E, no melhor estilo: quem guarda, tem! Nota-se uma série de marcas que decidiram olhar para seus acervos: Dolce & Gabbana uma temporada depois de ter colocado Kim na passarela, decidiu trazer a alfaiataria minimalista e sexy que os fizeram famosos nos anos 1990. O bloco final da Paco Rabanne reproduziu todos os clássicos vestidos de malha metálica lançados nos anos 1960 – homenagem a seu criador, que morreu no começo do ano? Sim, mas também uma estratégia muito bem executada.
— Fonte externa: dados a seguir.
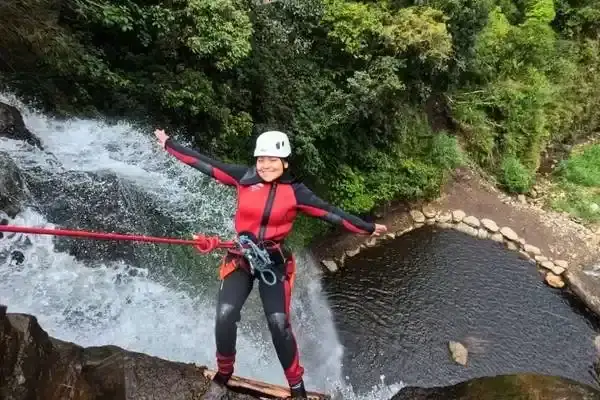 Canyoner rappelling down a waterfall on a canyoning tour near Banos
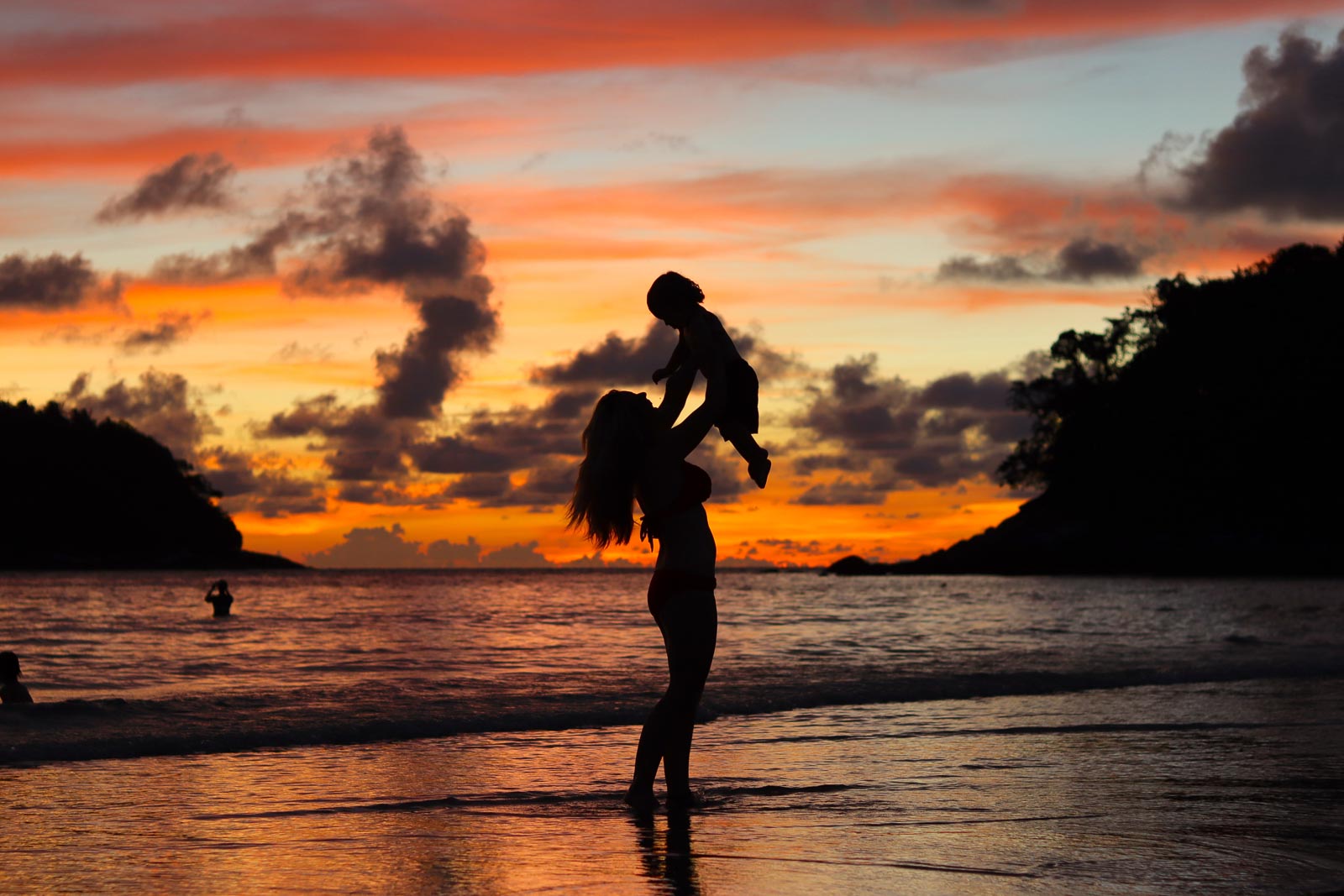在沙滩上，一个女人抱着一个婴儿，在一个虚幻的橙色和粉红色的日落中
Outro sinal explícito dessa mudança de mentalidade: a Balmain, que depois de shows enormes, venda de ingressos e popstars cantando em palcos, envergou por um clima ultra intimista, remetendo aos salões de alta costura, com apenas fila A e criações que eram o supra sumo da feminilidade lady like da marca nos anos 1950. Na Saint Laurent, Vaccarello mergulhou no acervo dos anos 1980 da marca e de lá trouxe até a decoração da época – réplicas das luminárias em cascata que decoravam o Hotel Intercontinental, onde a Yves Saint Laurent desfilou por décadas.
O próprio Demna, em sua entrevista à Vogue América, havia dito que voltaria a fazer o que ele realmente amava: roupas. Até ele, que foi o pioneiro das ações de marketing extremistas, dos virais, das bizarrices, afirmou que acreditava que sua fórmula não fazia mais sentido. A pergunta que fica é: a audiência depois de tanto tempo deslumbrada está preparada para essa volta à “normalidade”? Depois de tudo isso roupas se bastam? O tempo dirá…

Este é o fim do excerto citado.